Jukito is the combined power of JUnit, Guice, and Mockito – used for simplifying testing of multiple implementations of the same interface.

In this article we’re going to see how authors managed to combine those three libraries to help us reduce a lot of boilerplate code, making our tests flexible and easy.

2. Setting Up

First, we’ll add the following dependency to our project:

<dependency>
    <groupId>org.jukito</groupId>
    <artifactId>jukito</artifactId>
    <version>1.5</version>
    <scope>test</scope>
</dependency>

We can find the latest version at Maven Central.

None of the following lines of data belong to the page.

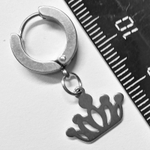 Серьга кольцо с подвеской "Корона" (10х12мм) для пирсинга уха. Медицинская сталь. Цена за одну штуку!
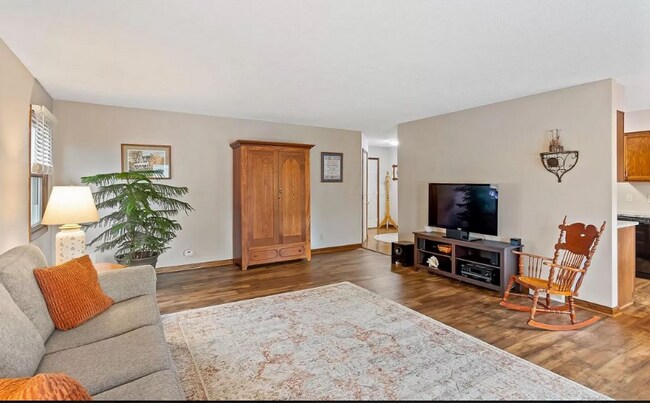 Foto del edificio - 301 Hearthstone Dr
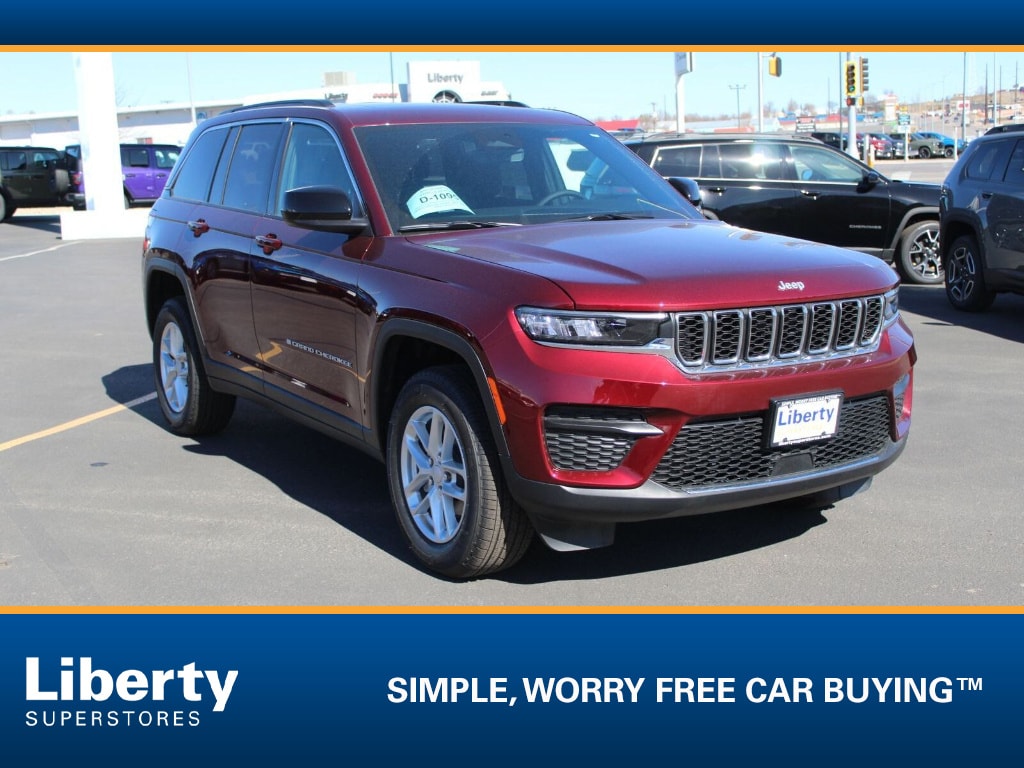 2026 Jeep Grand Cherokee Laredo X 4x4's photo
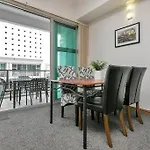 Spacious One Bedroom Apartment On Princes Wharf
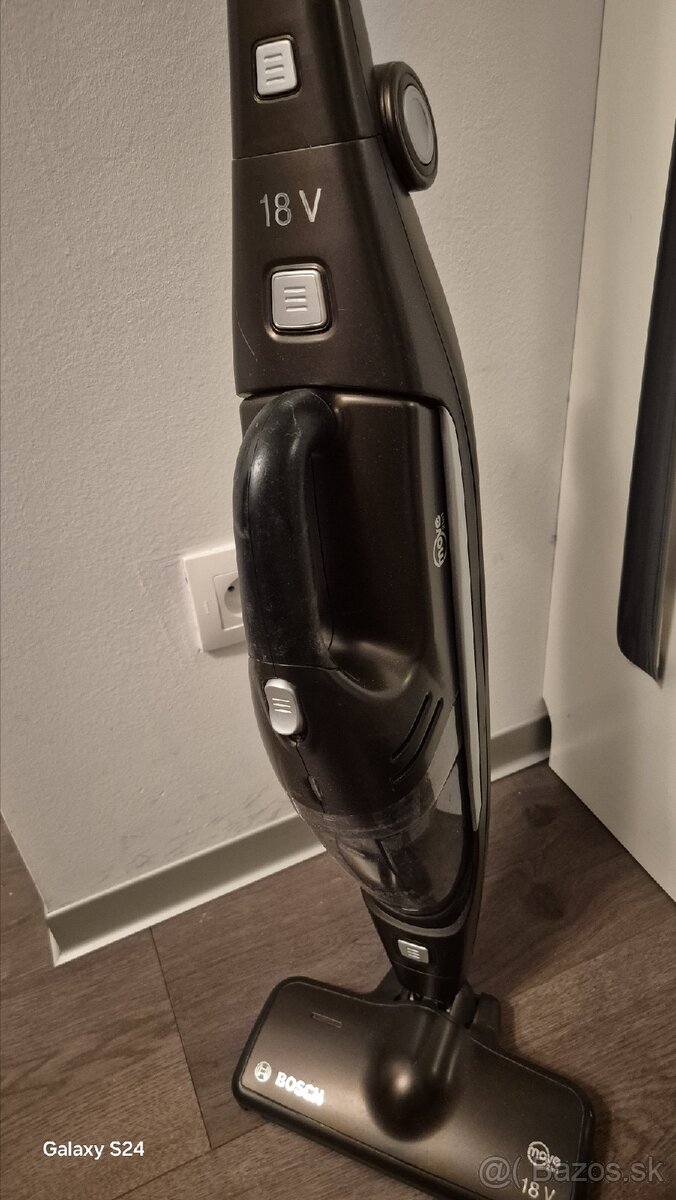 Tyčový vysávač BOSCH - 5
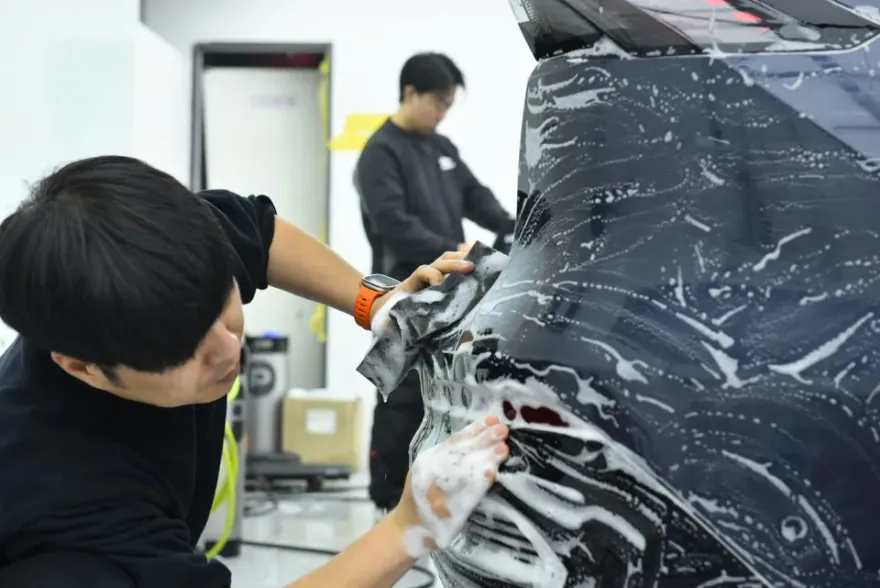Lincoln NautilusのPPF施工事例|費用目安と仕上がり 施工写真 2-2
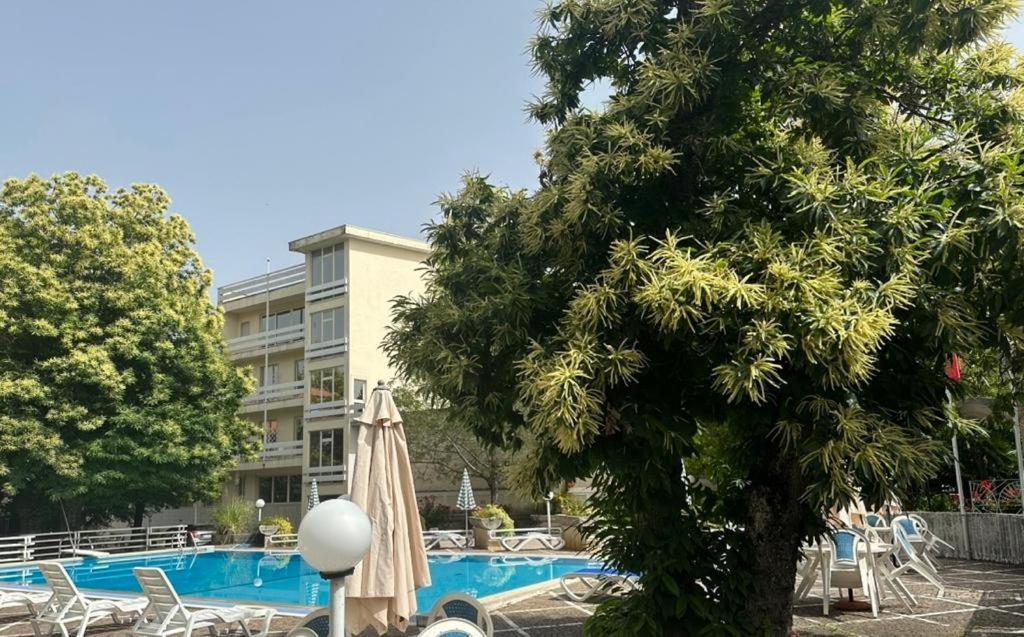Mondial Park Hotel Fiuggi Bagian luar foto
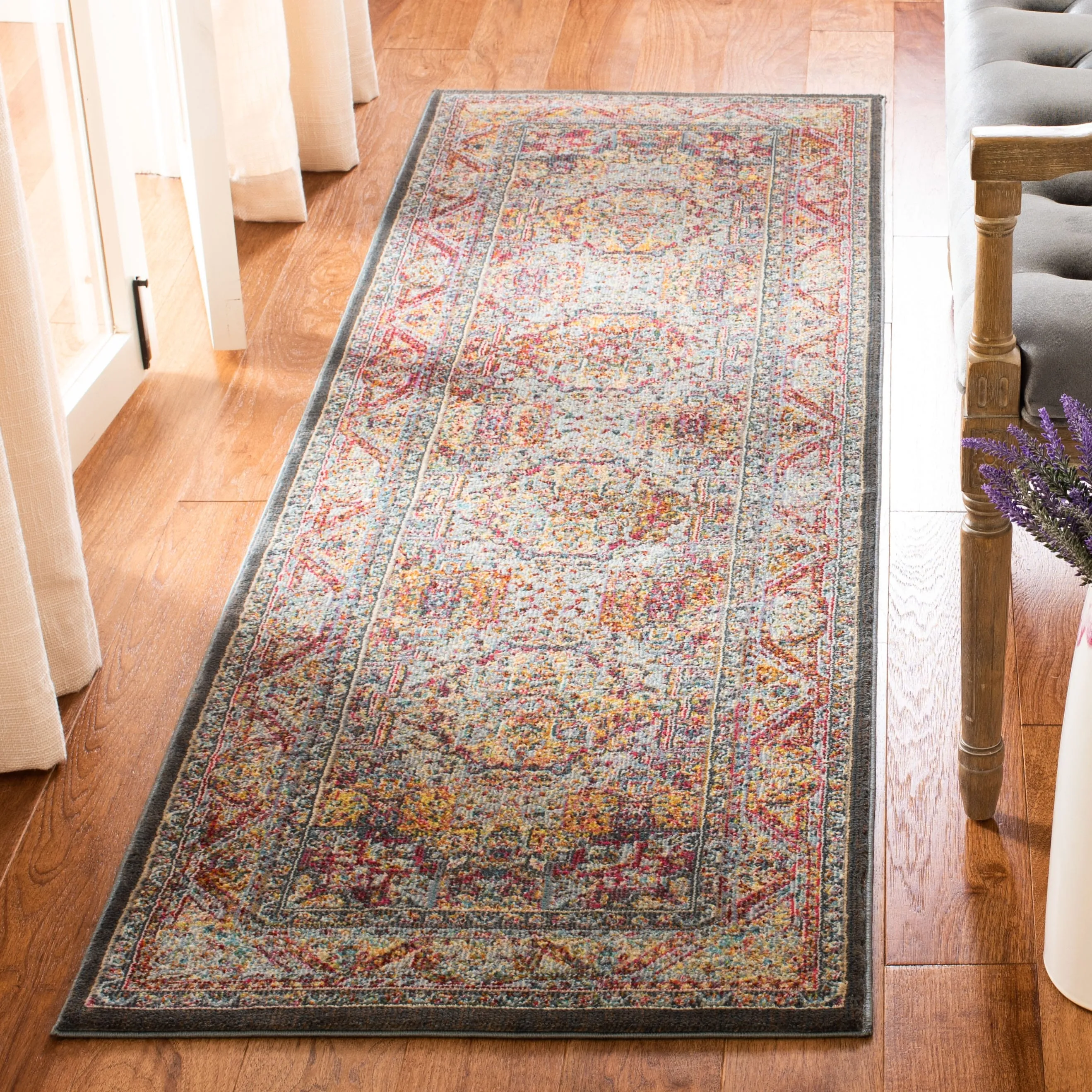 SAFAVIEH Luxor Belia Boho Medallion Distressed Rug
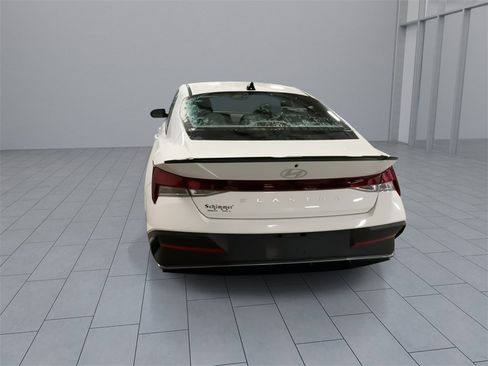 Certified 2025 Hyundai Elantra Sport image 7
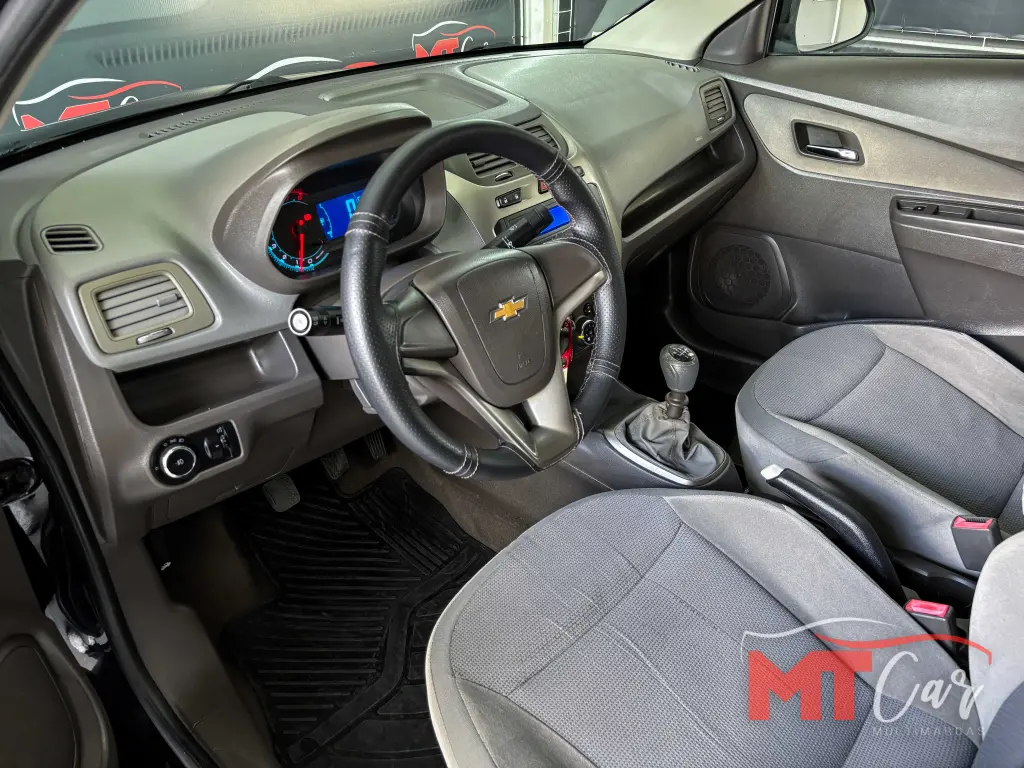 CHEVROLET Cobalt - Foto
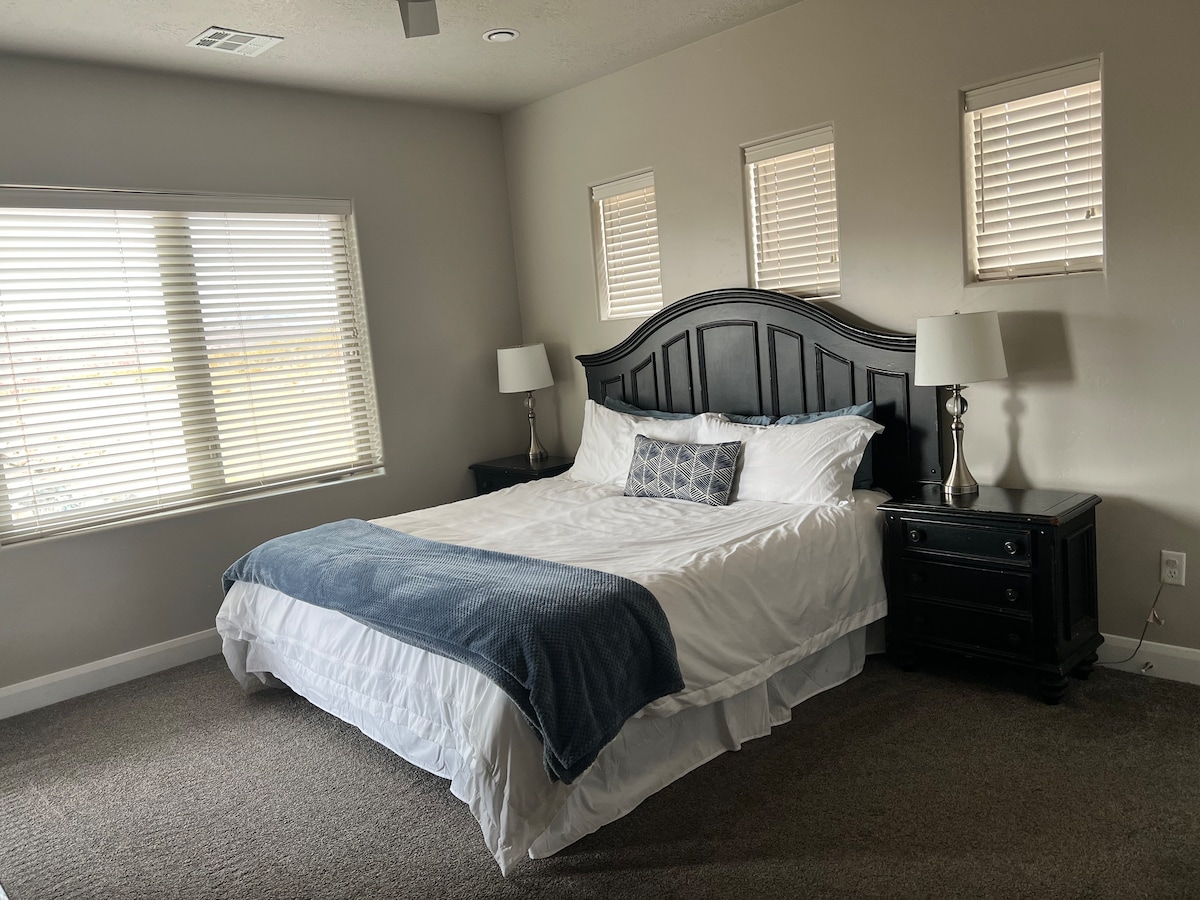 Nice views of Zion & Kolob out the second master windows.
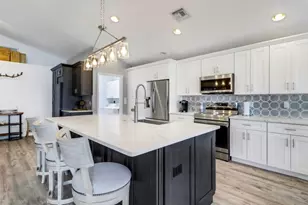 1059 Jardin Dr, Naples, FL 34104 - Photo 8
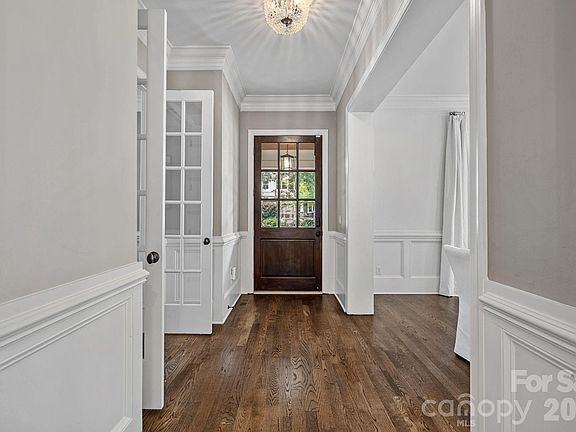 2nd image of 522 Magnolia Ave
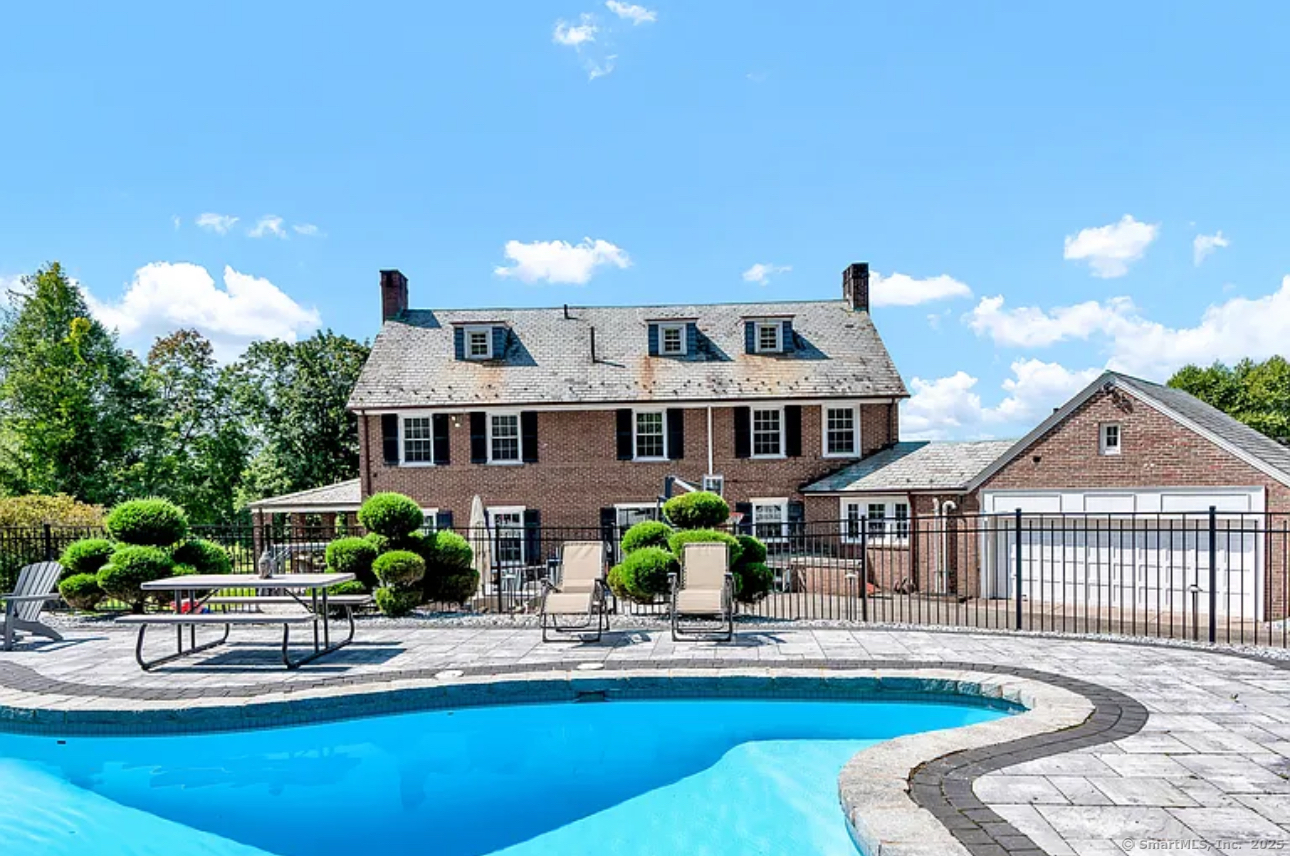 11 Richard Road Manchester CT 06040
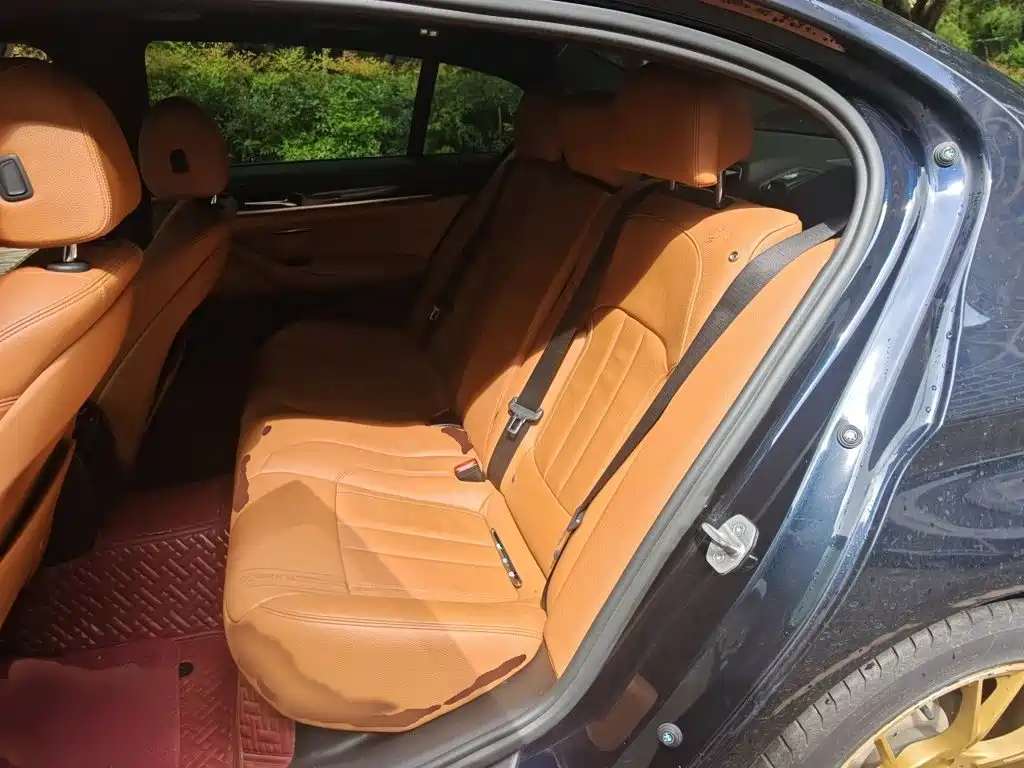 BMW 5 Series — миниатюра 15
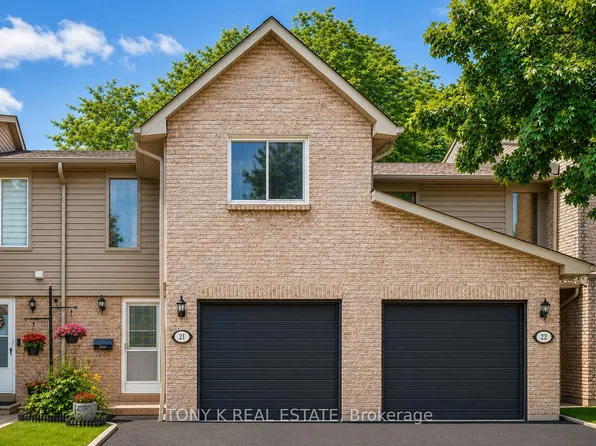 2035 Asta Dr #21, Mississauga, ON L5A 3Y2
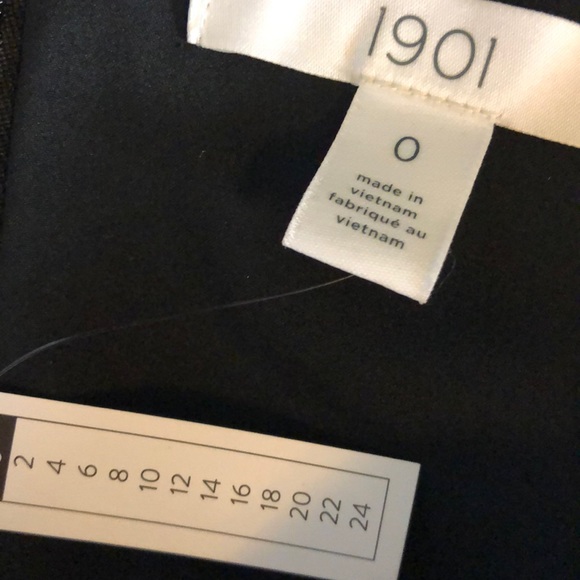 1901 Dress 0 - Picture 7 of 8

3. Different Implementations of an Interface

To start understanding the power of Jukito, we’re going to define a simple Calculator interface with an Add method:

public interface Calculator {
    public double add(double a, double b);
}

And we’re going to implement the following interface:

public class SimpleCalculator implements Calculator {

    @Override
    public double add(double a, double b) {
        return a + b;
    }
}

We also need another implementation:

public class ScientificCalculator extends SimpleCalculator {
}

Now, let’s use Jukito to test both our implementations:

@RunWith(JukitoRunner.class)
public class CalculatorTest {

    public static class Module extends JukitoModule {

        @Override
        protected void configureTest() {
            bindMany(Calculator.class, SimpleCalculator.class, 
              ScientificCalculator.class);
        }
    }

    @Test
    public void givenTwoNumbers_WhenAdd_ThenSumBoth(@All Calculator calc) {
        double result = calc.add(1, 1);
 
        assertEquals(2, result, .1);
    }
}

In this example, we can see a JukitoModule, that wires in all specified implementations.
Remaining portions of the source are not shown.